Goal of the exercise
What you return must match the records below exactly, apart from the omitted pictures.

[Annotated photo localization data]
----
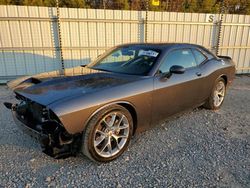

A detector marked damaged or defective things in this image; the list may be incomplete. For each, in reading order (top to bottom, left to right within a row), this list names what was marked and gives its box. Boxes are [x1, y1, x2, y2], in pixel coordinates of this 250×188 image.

damaged front bumper [4, 102, 80, 158]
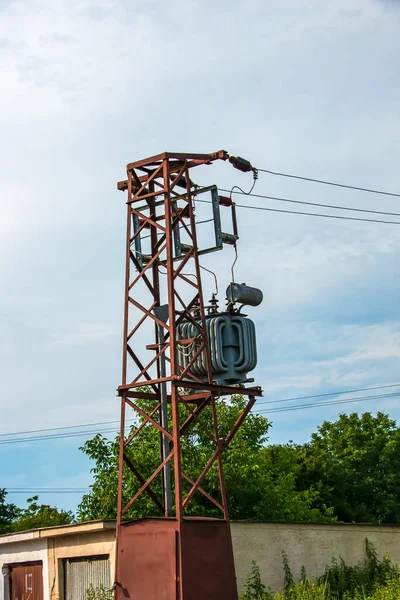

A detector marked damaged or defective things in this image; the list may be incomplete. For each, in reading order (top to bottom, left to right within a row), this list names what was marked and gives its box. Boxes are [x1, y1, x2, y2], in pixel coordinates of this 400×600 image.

rusty metal lattice tower [113, 151, 262, 600]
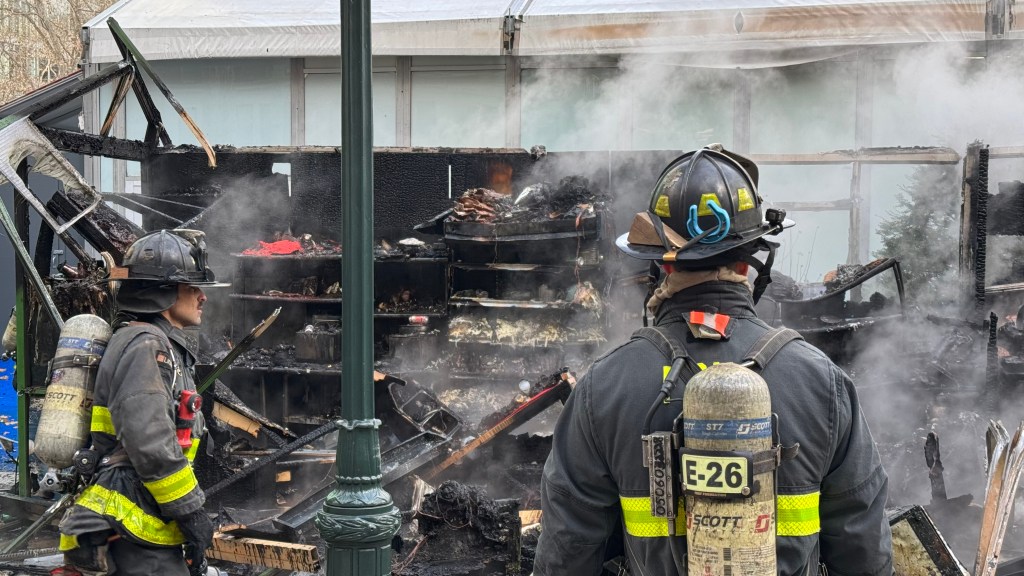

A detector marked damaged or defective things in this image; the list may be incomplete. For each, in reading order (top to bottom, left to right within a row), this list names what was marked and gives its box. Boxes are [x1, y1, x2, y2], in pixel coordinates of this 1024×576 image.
----
Exercise output
A detector marked damaged or defective things in this image; the list may be incomplete. For each, in reading order (top to bottom, left to right within a row), this list names what was marked and gives its box. Boxes are [x1, y1, x2, y2], in pixel coordinates of this 250×188 image.

damaged front bumper [4, 102, 80, 158]

A detector marked damaged or defective things in this image; the list may be incomplete. For each, in reading order (top to bottom, left to right within a row), this list names what was marked and gives its box. Boxes are [x1, y1, x2, y2], in pixel coordinates of this 400×600 image.

rusty metal lattice tower [113, 151, 262, 600]

A detector marked damaged or defective things in this image; the list may be incomplete. For each, in reading order (top to bottom, left to right within a row), this list names what was marked and gives its box. Boxes are [x1, y1, x2, y2], in pixel coordinates of this 1024×576 image.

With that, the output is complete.